Published: July 19th, 2017

Category: Feature, History Department News

The History Department is pleased to welcome Dr. Heather Vrana, formerly of Southern Connecticut State University, as an assistant professor beginning in Fall 2017.  Dr. Vrana received her Ph.D from Indiana University in 2013 and is the author of This City Belongs to You: A History of Student Activism in Guatemala, 1944-1996 (University of California Press, 2017), Anti-Colonial Texts from Central American Student Movements, 1929-1983 (Edinburgh University Press, 2017), and numerous articles and reviews. She is a member of the Tepoztlán Collective and co-director of Revisiting the Guatemalan Revolution, an edited volume and multi-media digital history and memory project. She continues to collaborate with youth social justice movements in Guatemala.

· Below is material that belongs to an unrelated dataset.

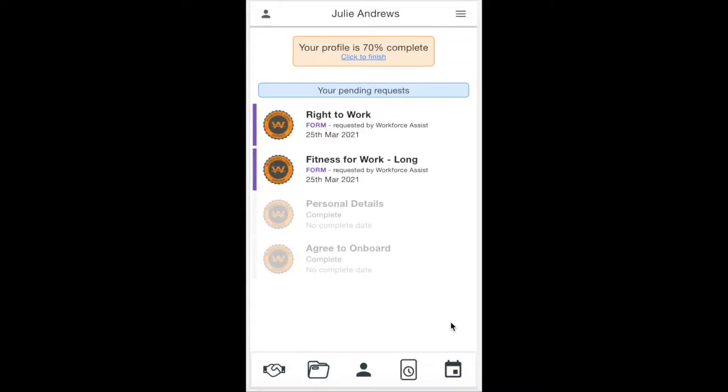In this short video, I'm going to show you how to approve a timesheet if you're an approved person to authorize them. Once you log into your profile, you'll get to your home page.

Her new research, The Idea of Disability and the Making of Modern Central America, is a history of disability across the twentieth century, from the expansion of the asylum system at the turn of the century to the reframing of disability as a human rights concern in the 1980s. Tracking these changes reveals how a range of governmental and civil bodies understood the disabled body as a touchstone for modernization. This history is adjacent to, but largely neglected within, the analytical frames of the histories of medicine, public health, science, and human rights. It is imperative to understand the disability histories of Guatemala, Nicaragua, and El Salvador because of their distinct histories of race; shared history of dictatorship, neocolonialism, and revolution; and divergent histories of civil war and post-war politics.

In general, Dr. Vrana’s research interests include student and social movements, Central America, social class, race, disability and history of medicine, nationalisms, youth politics and culture, and popular culture. Dr. Vrana learned Spanish in a Northern Virginia high school from a Puerto Rican nationalist and three children of refugees from internal conflicts in Central America and Peru. These language lessons came with a political education.